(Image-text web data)
= Beginning of Section =
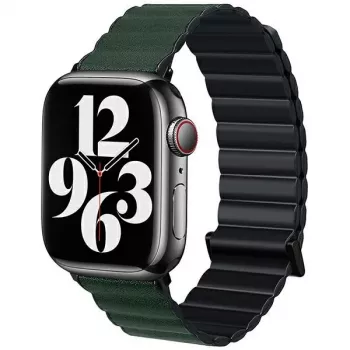 Beline Magnetic Pro Apple Watch siksniņa 38/40/41mm Melna/Zaļa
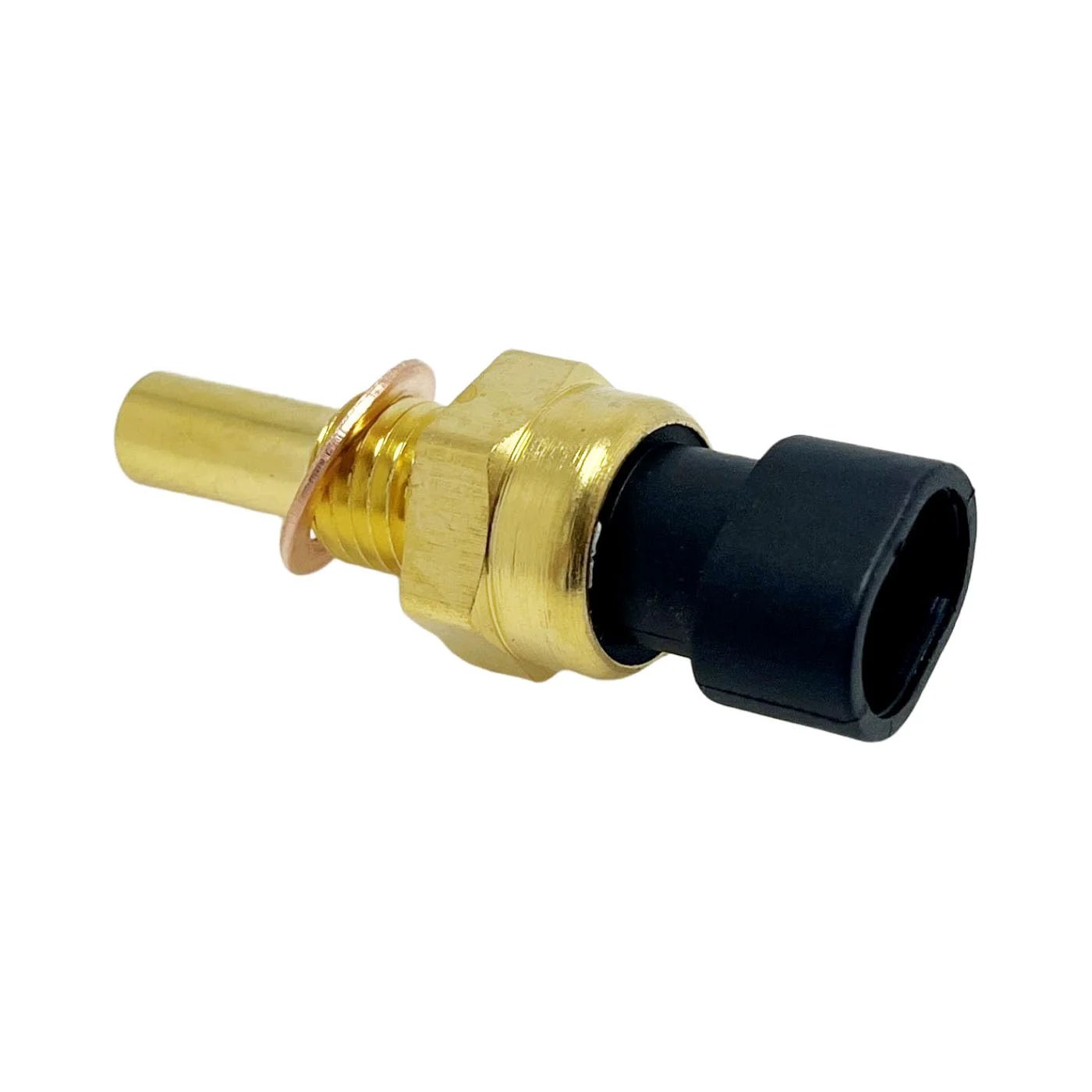 Coolant Temperature Sensor Replacement For Chevrolet Silverado 1500 Tahoe Impala Malibu Sierra 1500 Yukon 1999 2018 2000 2019 Non OEM Accessory With 1 Sensor Drop In Reliable Reading Check Vehicle Compatibility Using Parts Search Tool YCUPONE, showing a close-up view of the sensor.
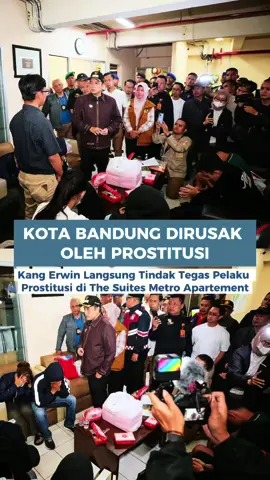 Malam kemarin saya turun langsung ke salah satu apartemen di Kota Bandung, tempat praktik prostitusi terjadi secara terang-terangan.   Saya marah besar!. Kota yang saya cintai, yang kita bangun bersama dengan nilai-nilai moral dan budaya, dikotori oleh perilaku tercela yang jelas-jelas melanggar Perda Nomor 9 Tahun 2019 Pasal 17. Sebagai Ketua Satgas Yustisi, bersama Satpol PP dan unsur Forkopimda, saya langsung menindak para pelaku dan memberikan teguran keras kepada manajemen apartemen serta ketua paguyuban.  Saya tegaskan: ini tidak boleh terjadi lagi. Kita semua punya tanggung jawab menjaga Bandung — bukan hanya sebagai kota, tapi sebagai rumah yang layak ditinggali dengan aman, bersih, dan bermartabat. Bandung bukan tempat bagi kemaksiatan. Selama saya berdiri di sini, saya akan pastikan itu. @Halo Bandung  #bandungutama #InfoBandung #BandungHits #WakilWaliKotaBandung #kangerwin 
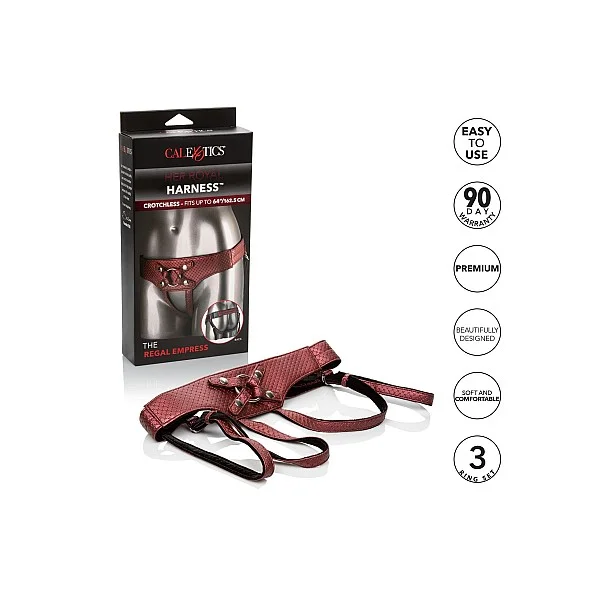 The Regal Empress - Rood van het merk Her Royal Harness -  - online kopen bij Masculum.nl. De discrete online seks-toys en erotisch heren ondergoed winkel voor gay & hetero mannen.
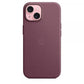 Custodia in Tessuto Finewoven per iPhone 15 con MagSafe - Bordeaux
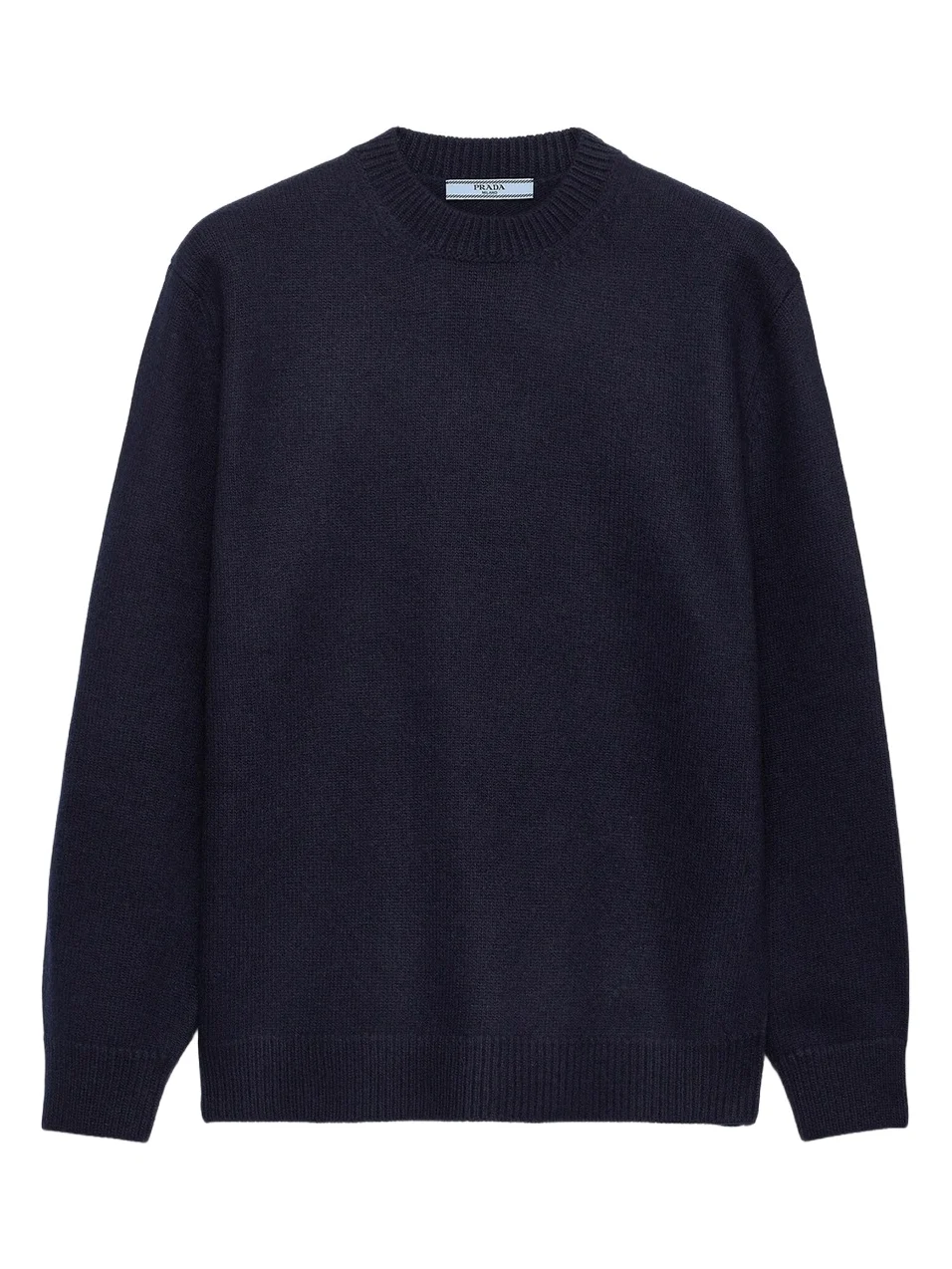 Prada Women's Wool and Suede Sweater - Blue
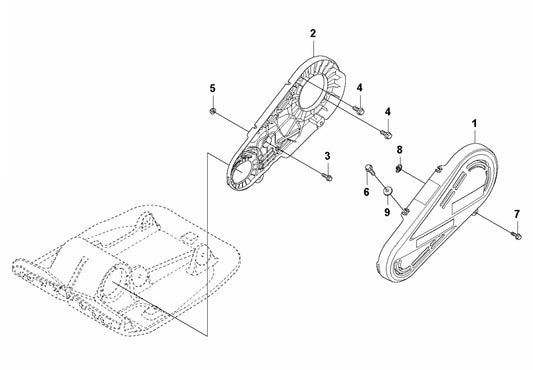 LF 100 L Diesel Belt Guard-Hatz Assembly Parts by Husqvarna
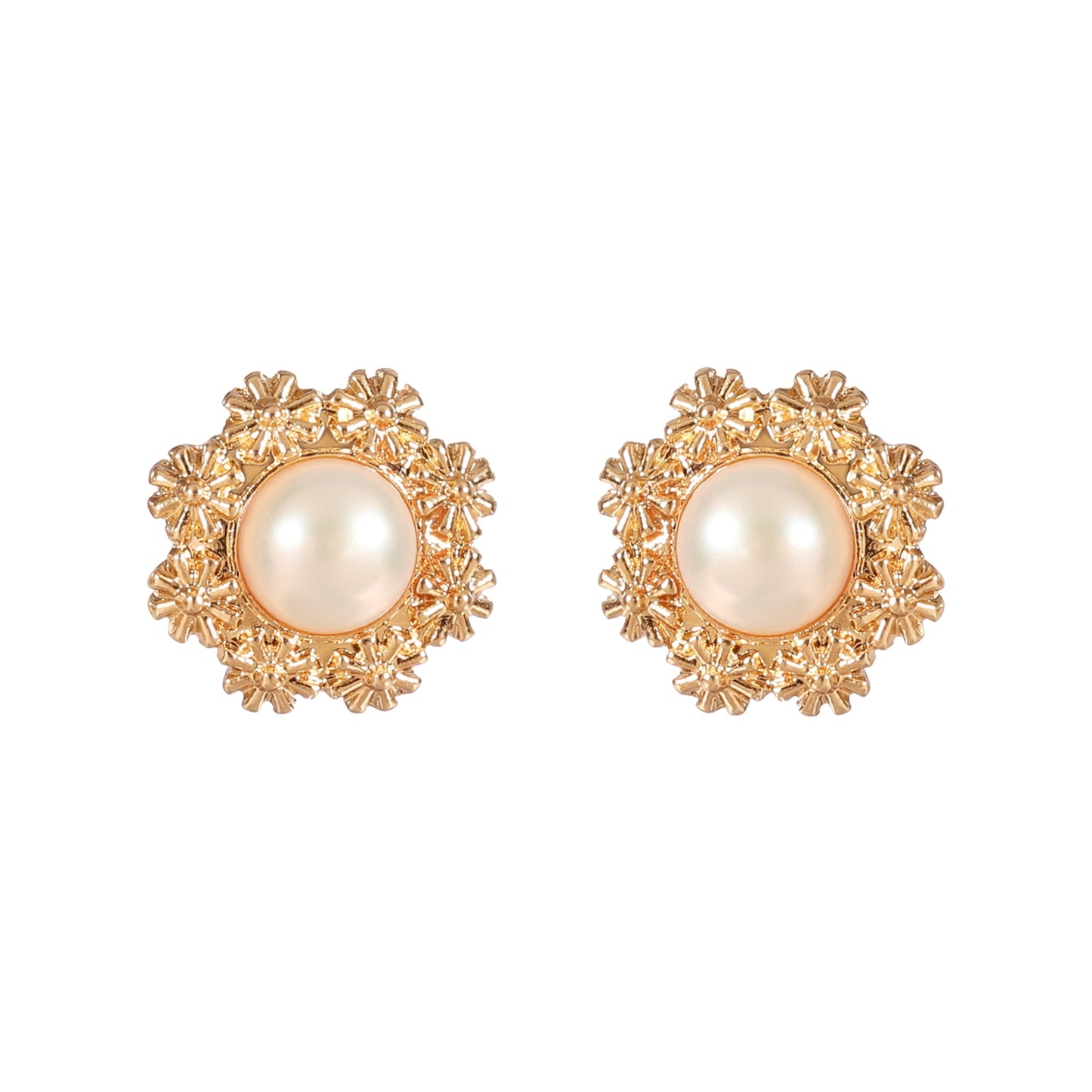 Pearl Stud Earrings Design Elegant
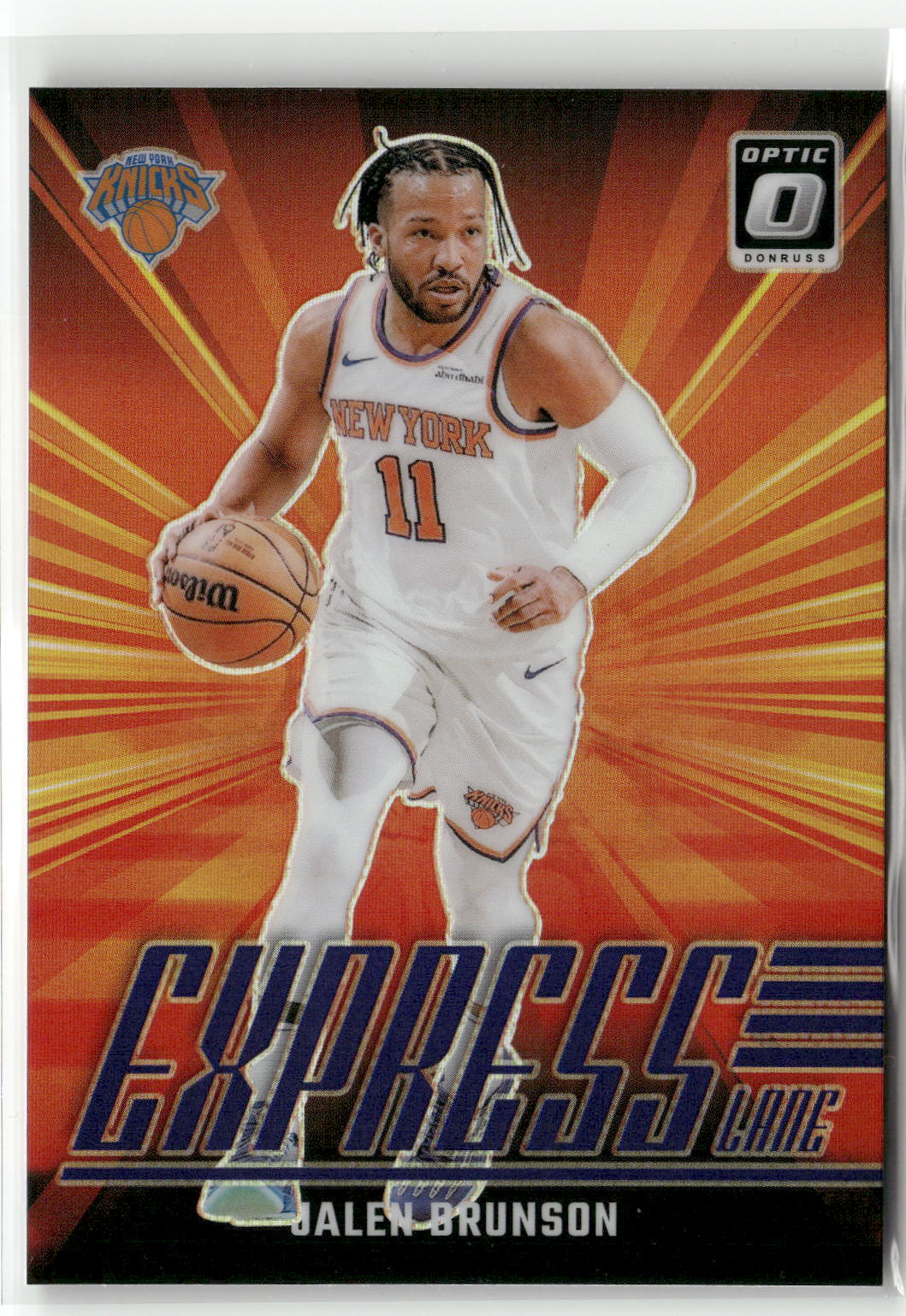 2024-25 Donruss Optic #21 Jalen Brunson Express Lane Purple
= End of Section =
◆ TASK OBJECTIVE: Leave out the pictures and print every line of the data exactly.

◆ ANSWER:
 Beline Magnetic Pro Apple Watch siksniņa 38/40/41mm Melna/Zaļa
 Coolant Temperature Sensor Replacement For Chevrolet Silverado 1500 Tahoe Impala Malibu Sierra 1500 Yukon 1999 2018 2000 2019 Non OEM Accessory With 1 Sensor Drop In Reliable Reading Check Vehicle Compatibility Using Parts Search Tool YCUPONE, showing a close-up view of the sensor.
 Malam kemarin saya turun langsung ke salah satu apartemen di Kota Bandung, tempat praktik prostitusi terjadi secara terang-terangan.   Saya marah besar!. Kota yang saya cintai, yang kita bangun bersama dengan nilai-nilai moral dan budaya, dikotori oleh perilaku tercela yang jelas-jelas melanggar Perda Nomor 9 Tahun 2019 Pasal 17. Sebagai Ketua Satgas Yustisi, bersama Satpol PP dan unsur Forkopimda, saya langsung menindak para pelaku dan memberikan teguran keras kepada manajemen apartemen serta ketua paguyuban.  Saya tegaskan: ini tidak boleh terjadi lagi. Kita semua punya tanggung jawab menjaga Bandung — bukan hanya sebagai kota, tapi sebagai rumah yang layak ditinggali dengan aman, bersih, dan bermartabat. Bandung bukan tempat bagi kemaksiatan. Selama saya berdiri di sini, saya akan pastikan itu. @Halo Bandung  #bandungutama #InfoBandung #BandungHits #WakilWaliKotaBandung #kangerwin 
 The Regal Empress - Rood van het merk Her Royal Harness -  - online kopen bij Masculum.nl. De discrete online seks-toys en erotisch heren ondergoed winkel voor gay & hetero mannen.
 Custodia in Tessuto Finewoven per iPhone 15 con MagSafe - Bordeaux
 Prada Women's Wool and Suede Sweater - Blue
 LF 100 L Diesel Belt Guard-Hatz Assembly Parts by Husqvarna
 Pearl Stud Earrings Design Elegant
 2024-25 Donruss Optic #21 Jalen Brunson Express Lane Purple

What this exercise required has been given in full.